On April 19, 1979, Foothills Broadcasting applied for a construction permit to increase the station's ERP to 100,000 watts. The FCC granted the permit on February 5, 1980, followed by a new license with the upgraded facilities on January 27, 1981.

From the early 1980s to 1985, WXRC was "X-Rock", an adult contemporary format using the automated TM Stereo Rock programming service.

On March 28, 1984, Foothills Broadcasting applied for a construction permit to relocate the station's transmitter to "SMITH MOUNTAIN, 3.7 KILOMETERS SOUTH-SW OF CONNELLYS SPRINGS" with an accompanying increase in the station's height above average terrain (HAAT) to 389 m. Three months later, on June 21, 1984, the FCC granted a voluntary reassignment of the station's license from Foothills Broadcasting, Inc. to Broadcast, Ltd with a consummation date of December 11, 1984. The FCC granted the construction permit on November 20, 1984 and granted a new license with the new facilities on August 21, 1985. On July 31, 1985, the FCC granted a voluntary reassignment of the station's license from Broadcast, Ltd to Westcom, Ltd. with a consummation date of September 20, 1985.

In 1985, the station changed to local album-oriented rock, changing its name from "X-Rock" to "The Rock", and targeting older listeners rather than fans of Mötley Crüe.
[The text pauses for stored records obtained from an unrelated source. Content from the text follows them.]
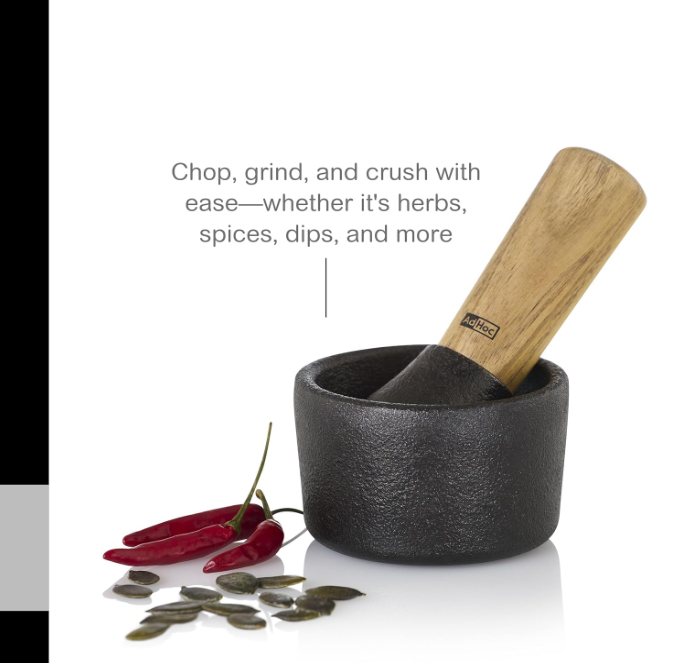 AdHoc Camo.8 Mortar & Pestle by Kitchen Niche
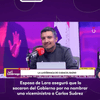 #LaLuciérnaga | María José Valenzuela, esposa de Rodrigo Lara, aseguró en sus redes sociales que su esposo fue retirado del cargo de ministro del Interior porque “no le siguió la cuerda a Carlos Suárez”.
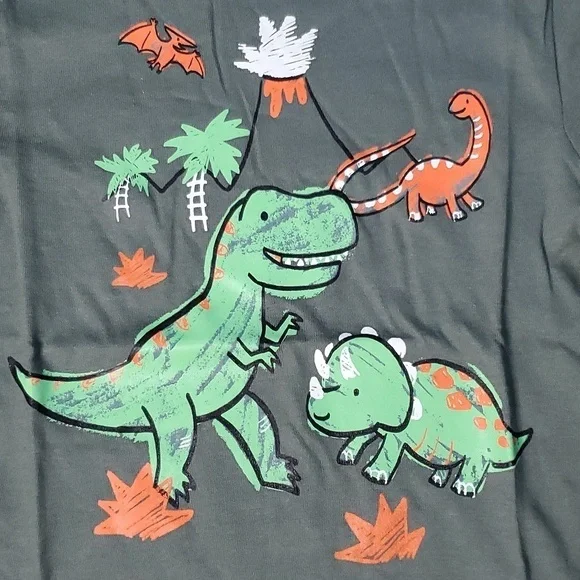 NWT Children's Place Green Dino Shirt Size 12 - 18 M - Picture 2 of 5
Programmed in the first year by local native and Appalachian State Graduate Greg Mull (WRXK-FM and WXTB) and fellow ASU graduates Justin 'Jay' Phelps and Jon Austin, the station placed in the top 10 of Charlotte Arbitron ratings during Fall 1985 and Spring 1986, dropping to number eleven in summer 1986 after the debut of similarly formatted WRFX. After Mull's departure in 1986, both Phelps and Austin served in music director roles, under various hired program directors in the 1980s including Bob Raleigh who later went on to launch classic rock WCKN (now WROQ) in Greenville, SC. Raleigh also went on to become a corporate programmer for many years at Cumulus Media and Westwood One Network.
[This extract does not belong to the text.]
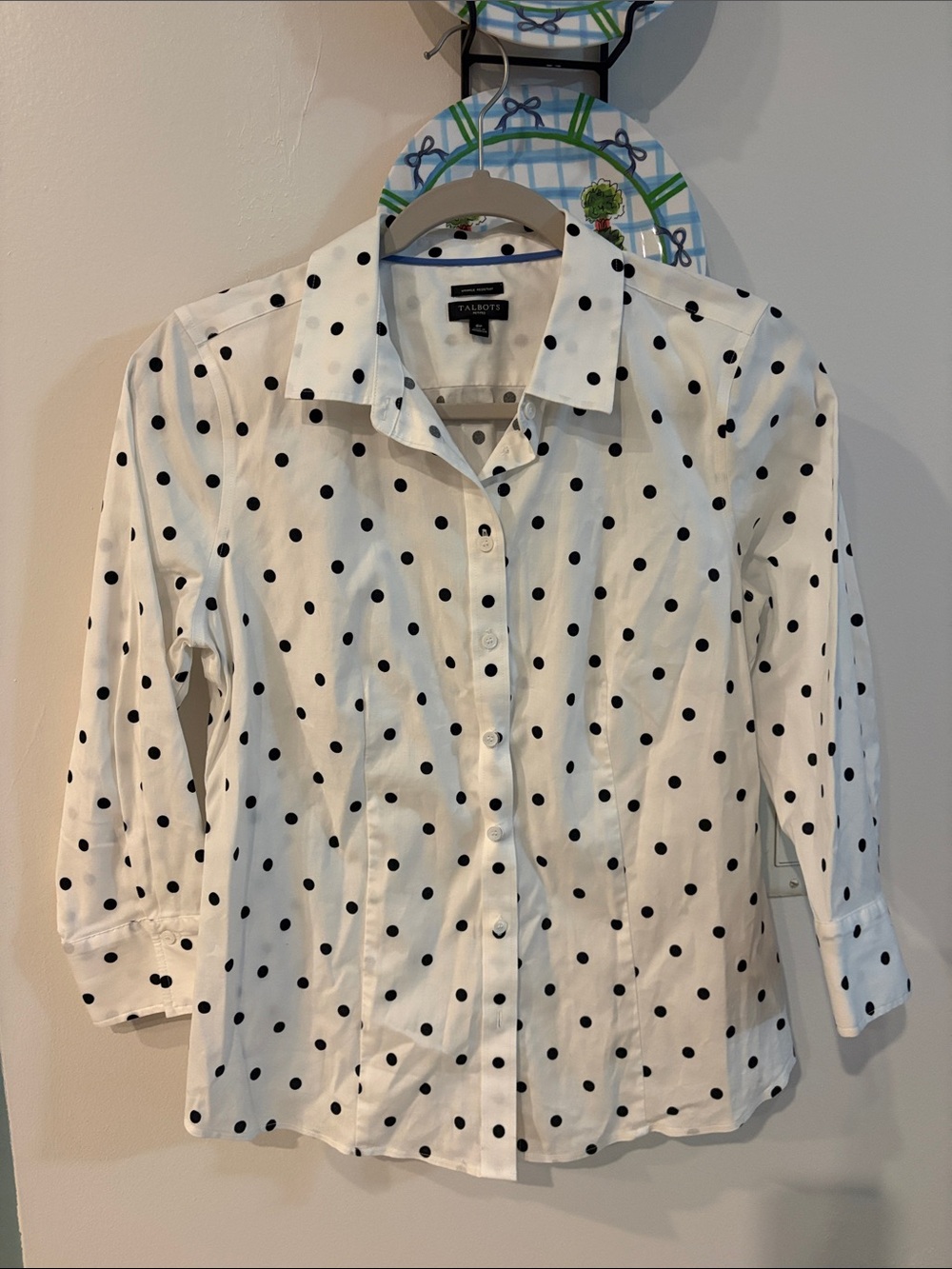 TALBOTS POLKA DOT BLOUSE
On March 7, 1986, Westcom, Ltd. applied for a construction permit to change the transmitter location to "2.1 KM W-SW OF INTERSECTION OF STATE RTE. 1382 & 1360, 7.1 KM SW OF DENVER, NEAR DENVER, NC" with an accompanying decrease in the station's HAAT to 335 m and a change in the directional antenna pattern (see Signal note below). The FCC granted the permit on August 4, 1988. On December 14, 1989, the FCC granted a modification to the construction permit requested by Westcom, Ltd. to move the transmitter to "LINCOLN COUNTY, 0.5 KM SW OF INTERSECTION OF STATE ROUTES 73 & 1385". The FCC granted a new license with the upgraded facilities on May 4, 1990.

On October 5, 1994, the FCC granted a voluntary reassignment of the station's license from Westcom, Ltd. to Pacific Broadcasting Group, Inc. The sale consummated on November 22, 1994.

Over the years, WXRC has tried various rock formats, including Triple-A. At one point, the station emphasized hard rock and heavy metal, branding itself as "The Panther" starting April 21, 1995. The Carolina Panthers, Charlotte's NFL team, subsequently sued the station. The switch to the current format was made in 2002.

WXRC was the Charlotte affiliate for The Howard Stern Show from April 15, 1997, to 2001. It climbed as high as second in the Charlotte ratings until dropping Stern for Lex and Terry in 2001. Throughout many changes musically, its playlist today consists mostly of artists from the "classic rock" era including the 1960s, 1970s, 1980s, and 1990s.

One of the few independently owned-and-operated stations in the Charlotte market, its sound is very similar to how most FM stations sounded in the 1970s. Lingafelt has received a number of offers to sell his station over the years. However, he told The Charlotte Observer that he was not willing to sell to anyone, claiming that his station's format would never be possible under a corporate owner. In 2008, the station was rated the 12th most popular station in Charlotte by Arbitron, but was rated second in the critical 25-49 demographic.